Well, in case there was ever any, last night proved beyond a shadow of a doubt that I am 100 percent geek. (Although in my defense, my boyfriend is also a major geek, and we have an enabling relationship that allows both of us to indulge in our geekiness fully).

But I digress.

Last night, we went to the movies and ended up spending almost six hours there. It started out simply enough with us going to see Hellboy II (because as if my own geeky tendencies toward geek staples such as "Lord of the Rings," Star Wars," and "Star Trek" weren't enough, the aforementioned boyfriend got me hooked on comic books as well).

But one movie just wasn't enough for us to get our fill and so we ended up staying and seeing the late showing of "The Dark Knight" as well.

Now I won't bore you with my review, considering there are approximately 84 billion "Dark Knight" reviews out there already (and considering the fact that my only complaint about the movie is Christian Bale is not shirtless nearly enough). But I did want to throw in my two cents about how comic book movies have reached a new level of cinematic excellence.

Thanks to people like Joel Schumacher and his brilliant idea of Bat Nipples and horrific puns (Mr. Freeze alone whips out gems like "Chill!" and "Ice to see you" in "Batman and Robin"), this genre of movies almost died. Halle Berry in "Catwoman" didn't help matters much and for awhile it seemed that comic book movies would never be taken seriously.

But then came "Batman Begins," "Superman Returns" and "Iron Man," which restored our faith in this genre. Not only did these movies blow up at the box office, but they single-handedly brought back Robert Downey Jr.'s career and made Christian Bale and Brandon Routh household names.

And now with Oscar buzz surrounding Heath Ledger's performance as The Joker (which is well deserved in my oh-so-humble opinion) it finally seems that the critics and the industry are paying their respects to this genre. Gone are the days of campy superhero movies with too much emphasis on tights and capes, and not enough on the characters themselves.
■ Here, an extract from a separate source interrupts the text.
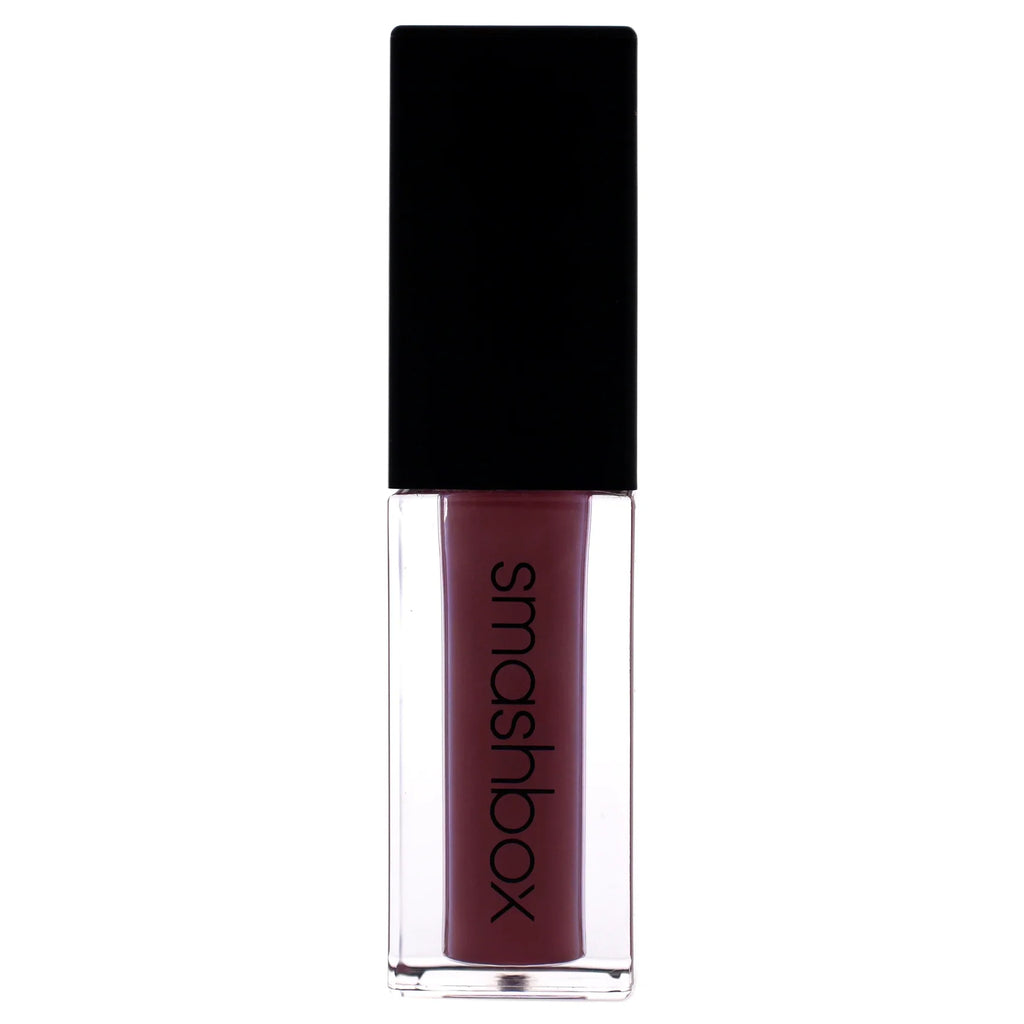 Always On Liquid Lipstick - Spoiler Alert by Smashbox for Women - 0.13 oz Lipstick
And for us fans of comic books and these characters, all we can say is it's about time. Regardless of whether you read comic books or not, there's a reason these stories about these characters have endured over the years. They have universal appeal and speak to us on several different levels. They are the characters we can always turn to when we need an escape from our own mad, crazy world.

And it's about time we started treating these characters like the heroes they are.